The FBI’s use of information from Steele to gain a surveillance warrant against former Trump adviser Carter Page is reportedly a major part of the GOP memo. Deputy Attorney General Rod Rosenstein, who supervises special counsel Robert Mueller's probe into Trump's campaign, reportedly was involved.
When Feinstein released Simpson’s testimony, she cited “innuendo and misinformation circulating about the transcript” and said “the only way to set the record straight is to make the transcript public.” Senate Judiciary Committee chairman Chuck Grassley, R-Iowa, had objected to release.
Although the Democratic “FISA abuse” rebuttal may contain more highly classified information, members of Congress and staff acting on their orders can release secrets with immunity from prosecution under the Constitution’s Speech or Debate Clause. Lawmakers historically are reluctant to use that power, citing various noncriminal consequences.
A Democratic source familiar with minority-party views on the House Intelligence Committee suggested unilateral release of the rebuttal was unlikely.
“While it’s true that members could technically exercise their rights under the Speech and Debate Clause and not be held criminally liable, they would face ethics charges, have their classified access revoked, be thrown off the Intel Committee, and possibly face other repercussions,” the Democratic source said.
“Also, and this may come as a shock, Democrats believe that we shouldn’t trash our foundational institutions for short-term gain,” they said.
Still, Republicans believe some Democrats have already been leaking some information from the proceedings. The top Democrat on the House Intelligence Committee, Rep. Adam Schiff, D-Calif., is often accused by Republicans of sharing too much information with reporters.
But he said this week that reading the Democratic rebuttal on the House floor was “not an option.” A spokesman pointed to the remark without elaboration.
Spokespeople for several other committee Democrats did not respond to inquiries about their plans if the Republican memo is released.
The FBI has struggled to pressure the White House not to release the memo. The bureau said Wednesday that “we have grave concerns about material omissions of fact that fundamentally impact the memo’s accuracy.”

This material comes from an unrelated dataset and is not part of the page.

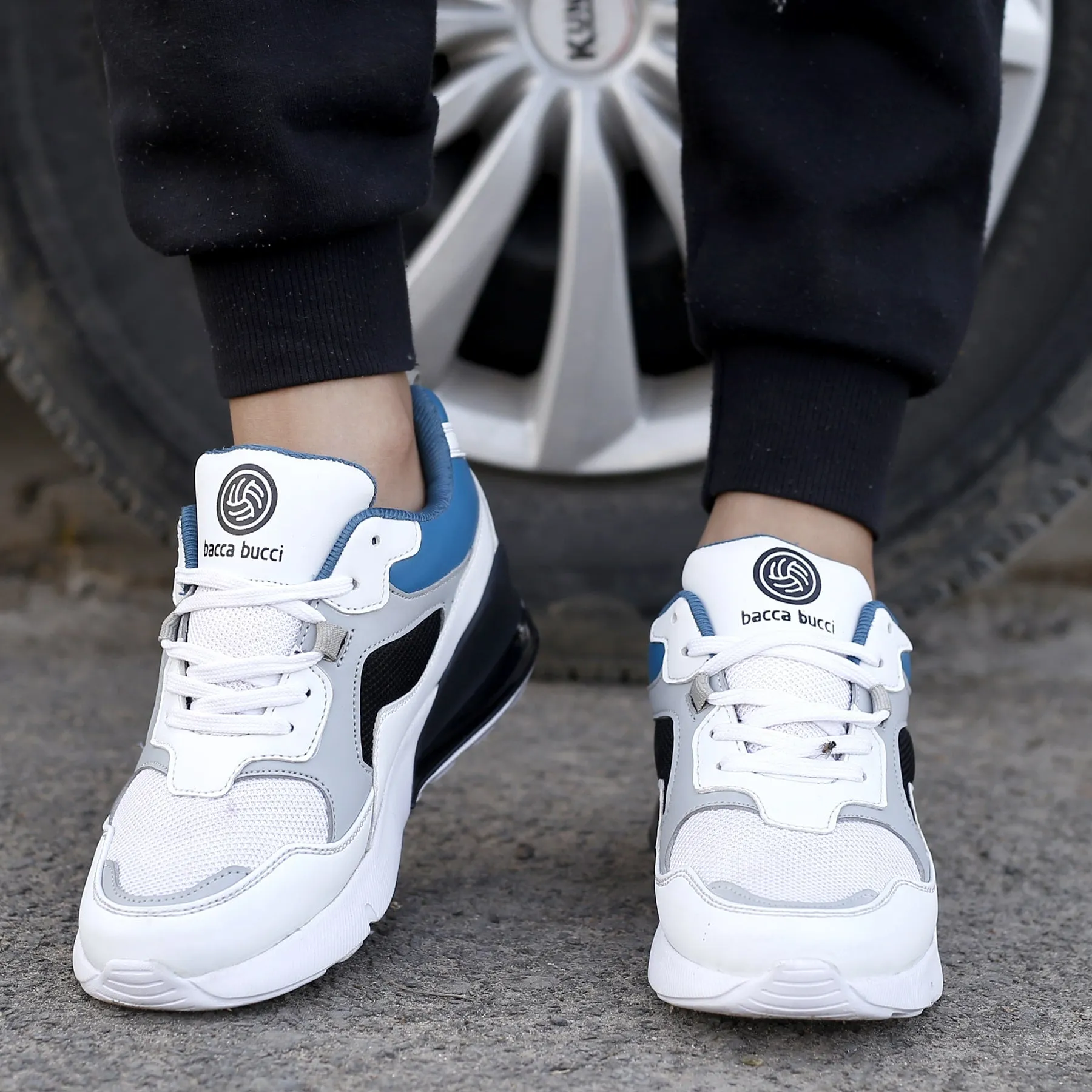 Bacca Bucci Garçons ou Filles Sneakers Urbains Rétro à Motifs Bloqués (Âge : 8 à 12 Ans)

A senior administration official told reporters aboard Air Force One on Thursday afternoon, however, that Trump will inform members of Congress “probably tomorrow" that he approves of release.
“The president is OK with it,” the official said. “I doubt there will be any redactions. It’s in Congress’ hands after that.”
Although any member of Congress can release classified documents, one problem, particularly for those not serving on the House Intelligence Committee, is gaining physical access.
Rep. Zoe Lofgren, D-Calif., a noncommittee member and longtime FISA surveillance critic who has said she is worried about the GOP memo’s accuracy, said it’s difficult to imagine how lawmakers would release a document viewable only in a SCIF.
“I don’t see how you can do that unless you remove it [from the SCIF], unless it was a committee member who somehow had a copy,” Lofgren said to the Washington Examiner last week, regarding the original GOP memo. “I never really contemplated a member of Congress just grabbing an article and running out. I just don't think that’s likely to happen.”
Former Sen. Mike Gravel, D-Alaska, who entered thousands of pages of the classified Pentagon Papers into the Congressional Record in 1971, told the Washington Examiner he believes a sufficiently motivated lawmaker could release documents viewable only in a SCIF.
“This is ridiculous. The Congress does leak like a sieve and if a person is intelligent and intent on releasing this information, it’s not that difficult,” Gravel said. “They just pretend it is to cover their backsides.”